Feature Engineering

# Feature Engineering
### K Arnold

---

## Feedback

* Coding together
* Motivating: lab, hw, visualizations, applications
* Connecting with me (and, sometimes, connecting with others)

(Oops, accidentally asked these questions twice!)
]

* Structure in class
* Lots of different things to do. So:
  * Check-in quizzes open at beginning of class. Will leave 1 min at end to fill out.
  * Flexible teamwork: each cohort will get 5 repos. Split up as you desire.
  * Goal: no required teamwork outside of class time
* Support outside of class
  * Many students have reached out on Teams at all hours.
  * Feedback / grading
]

---

## Logistics

* Project: finish next week
  * Delve into the *data*: source? assumptions?
  * Delve into the vis *design*: which retinal variables chosen for which data variables, and why?
* Midterm Quiz: Quiz 8 open for a week, similar structure to Quiz 7
* Review sessions on Teams: ask about any past assignment!

Plan:

* Mon: decision tree regression
* Wed: decision tree classification
* Fri: lab about **overfitting**

---

## General Hints

* Visualization:
  * What *glyph* represents each *observation*? 
  * What *attributes*/aesthetics does that glyph have? (x, y, width, color, ...)
  * What *controls* each aesthetic? ("each party has a *y* position", ...)
* Wrangling
  * What does the *input* look like? (Translate the first row into a data sentence in English.)
  * What does the *output* need to look like? (Again, write a sentence.)
  * What *sequence of steps* needs to happen? (e.g., `filter-group_by-summarize-arrange`)
* Modeling
  * What *quantity* are you trying to predict?
  * What *error measure* will tell you the prediction is good / bad?
  * What *features* can help you make that prediction?

---

## Q&A

> Why don't we just use `lm(y ~ x)` like other stats classes?

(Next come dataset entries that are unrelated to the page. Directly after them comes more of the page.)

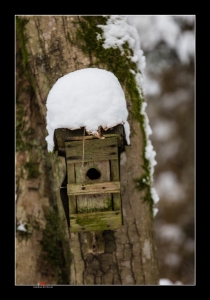 altes Haus im Schnee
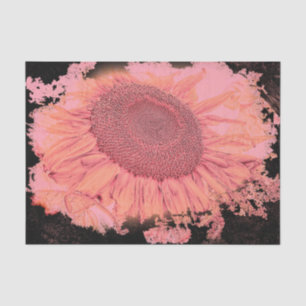 Giant Sunflowers Vintage Pink Orange Vignette Tissue Paper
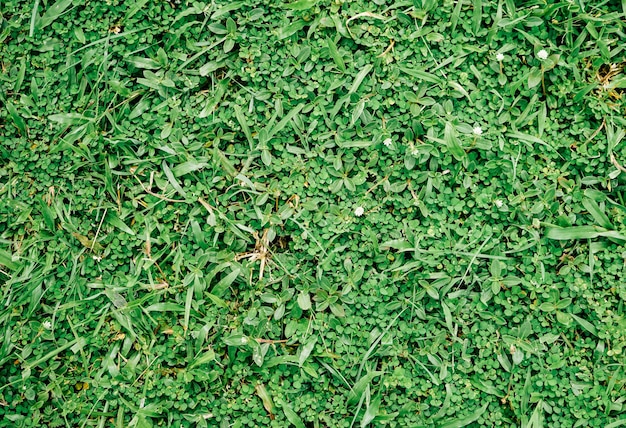 Close up of natural green grass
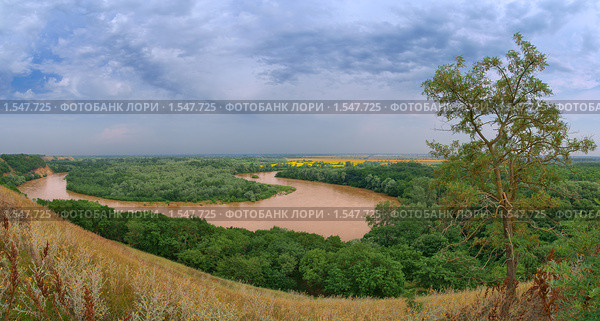 Изгиб реки и одинокое дерево. Стоковое фото, фотограф Андрей Емельяненко / Фотобанк Лори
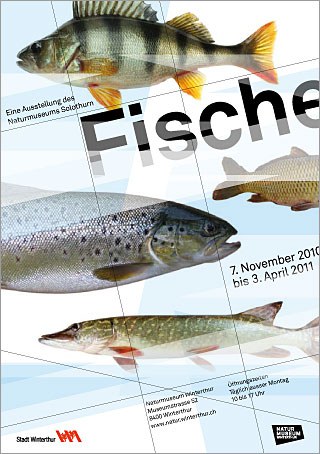Flyer Wechselausstellung Fische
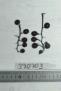 Click for 1 image(s) for this accession. FRUIT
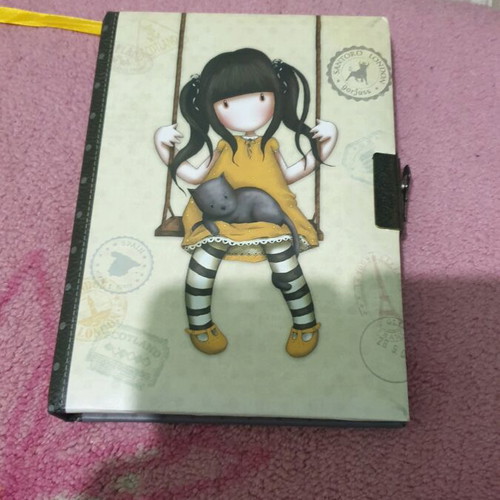 Santoro diary new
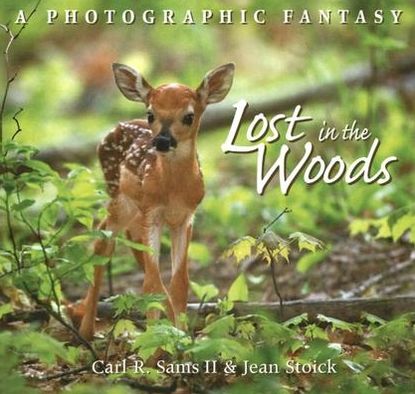 Lost in the Woods: A Photographic Fantasy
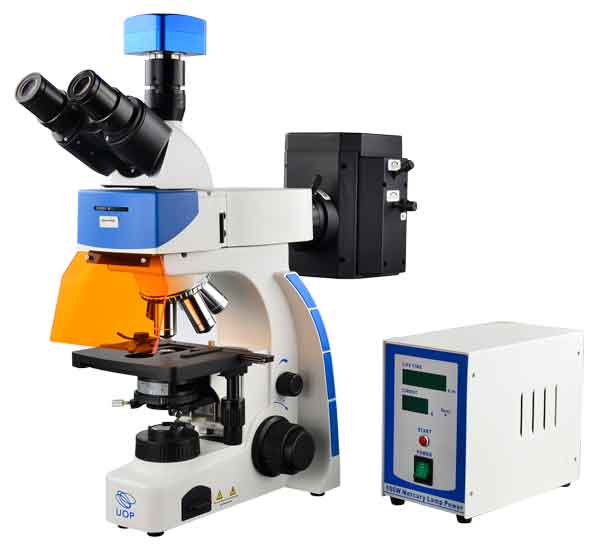 荧光显微镜构造和荧光显微镜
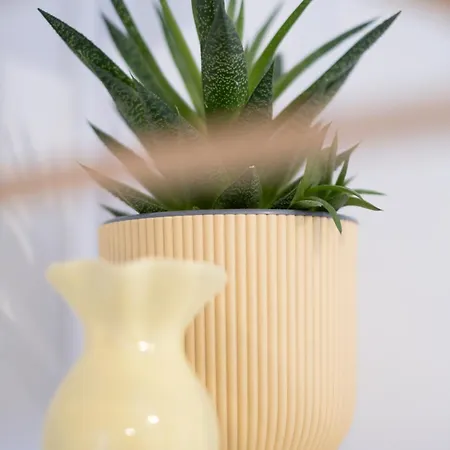 Rosmaris - Nel Holiday home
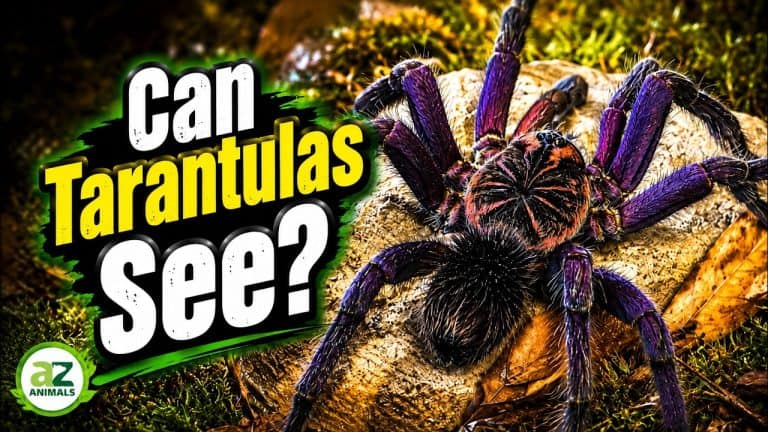 How Do Tarantulas See? The Surprising Truth About Their Eyes, Webs & Super-Senses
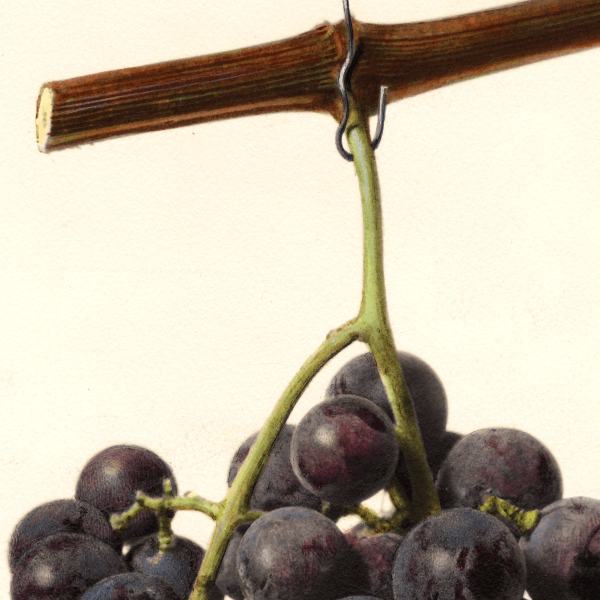 Norfolk Grape 4x6 Decorative Card - Dingdong's Garden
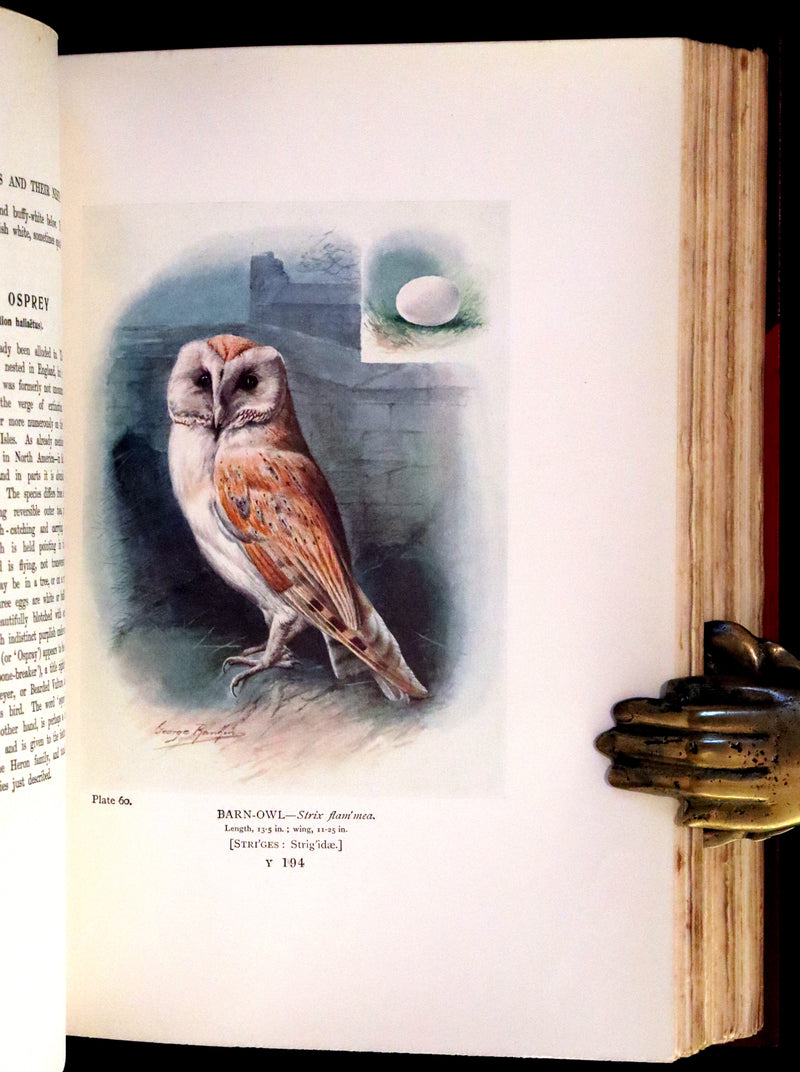 1910 Rare Ornithology First Edition in a Morrell binding ~ Britain's Birds and Their Nests Illustrated by George Rankin.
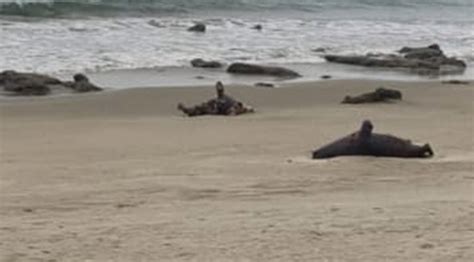 Decenas De Lobos Marinos Amanecen Muertos En Las Playas De Zorritos Y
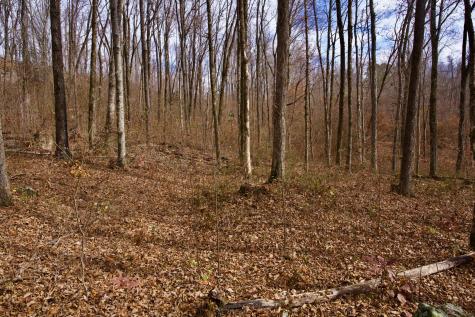 323A White Oak Flatt Road Sparta TN 38583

* We'll be using many other kinds of models; we're starting with linear models because many people have seen them before.
* `tidymodels` gives a unified interface to lots of different models
* Formulas support some kinds of feature engineering (e.g., `y ~ x1 * x2`) but limited.

> Can we use categorical (nominal) variables in predictive models?

Yes, we'll do that today!

> Can we see that dashboard?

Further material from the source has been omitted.